(Beginning of Records for the task)

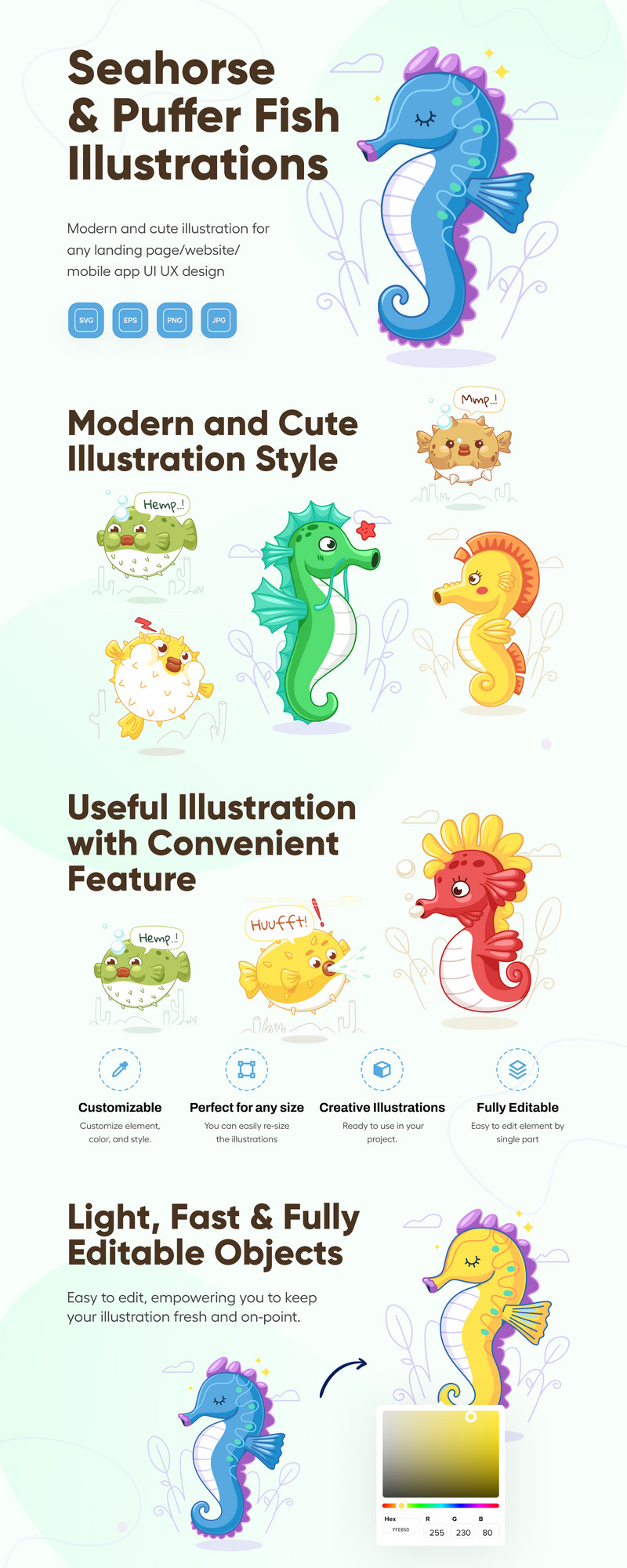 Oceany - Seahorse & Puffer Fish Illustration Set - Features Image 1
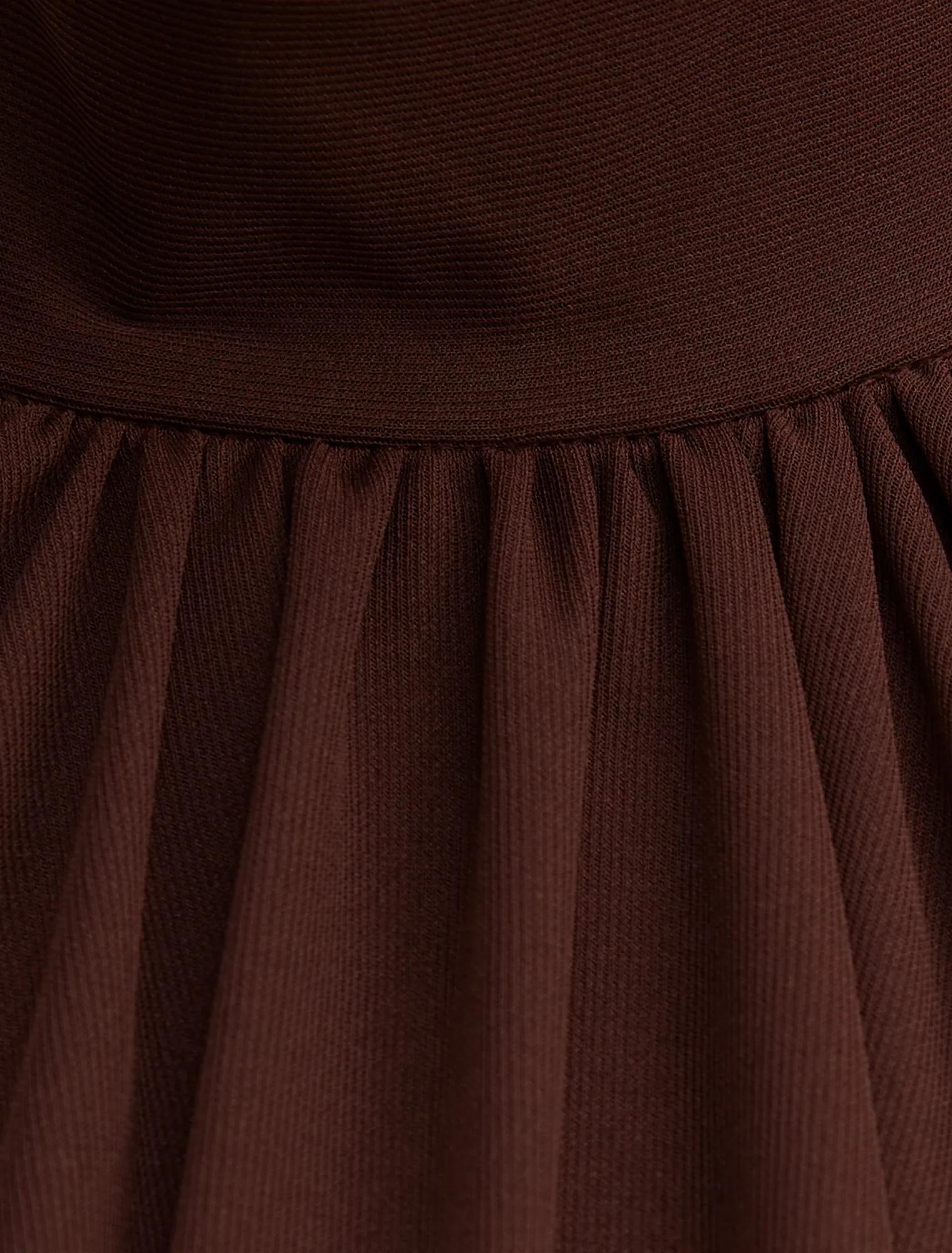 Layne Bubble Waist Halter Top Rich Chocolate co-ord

(End of Records for the task)
(Beginning of Records for the task)

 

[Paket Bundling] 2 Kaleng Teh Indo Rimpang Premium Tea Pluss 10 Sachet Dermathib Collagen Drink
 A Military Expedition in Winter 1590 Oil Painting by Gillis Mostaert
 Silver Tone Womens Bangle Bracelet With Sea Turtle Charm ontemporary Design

(End of Records for the task)

_Exercise_:
Reproduce exactly the entries above, limited to the lines from the one with "A Military Expedition" through the one with "Silver Tone Womens", both included.

_Solution_:
 A Military Expedition in Winter 1590 Oil Painting by Gillis Mostaert
 Silver Tone Womens Bangle Bracelet With Sea Turtle Charm ontemporary Design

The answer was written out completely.